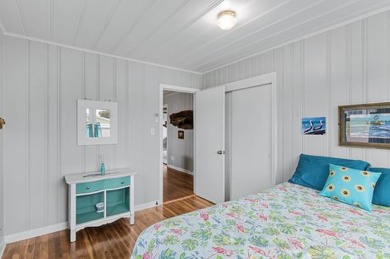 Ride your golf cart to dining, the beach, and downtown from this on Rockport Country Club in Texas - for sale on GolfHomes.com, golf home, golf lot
============
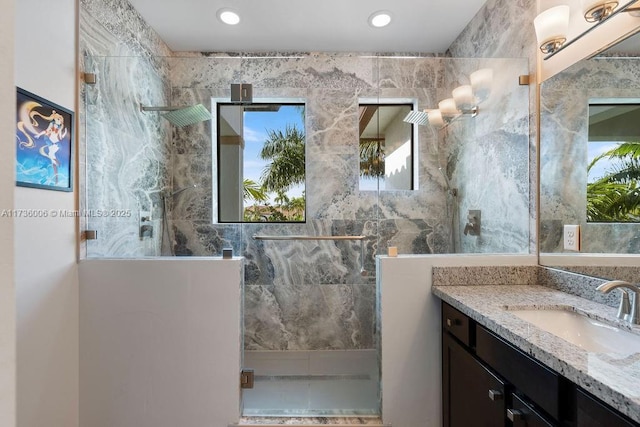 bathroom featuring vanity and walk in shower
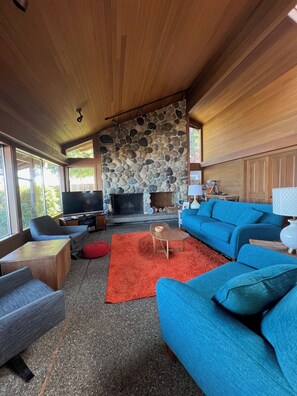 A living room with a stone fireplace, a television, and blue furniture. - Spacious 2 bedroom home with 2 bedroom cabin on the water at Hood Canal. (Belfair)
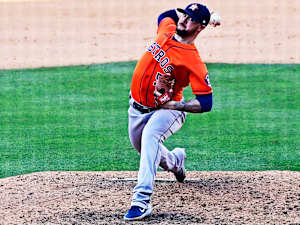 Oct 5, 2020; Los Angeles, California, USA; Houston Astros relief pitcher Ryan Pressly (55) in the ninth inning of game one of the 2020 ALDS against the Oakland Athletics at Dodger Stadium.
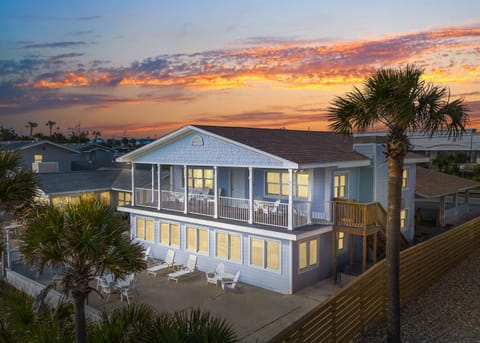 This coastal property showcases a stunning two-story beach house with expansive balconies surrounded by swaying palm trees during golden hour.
============
--- Exercise goal ---
In the records above, everything from the line with "Oct 5, 2020;" down to the line with "This coastal property" must be duplicated exactly, both lines kept. Leave no pictures in.

--- Written response ---
 Oct 5, 2020; Los Angeles, California, USA; Houston Astros relief pitcher Ryan Pressly (55) in the ninth inning of game one of the 2020 ALDS against the Oakland Athletics at Dodger Stadium.
 This coastal property showcases a stunning two-story beach house with expansive balconies surrounded by swaying palm trees during golden hour.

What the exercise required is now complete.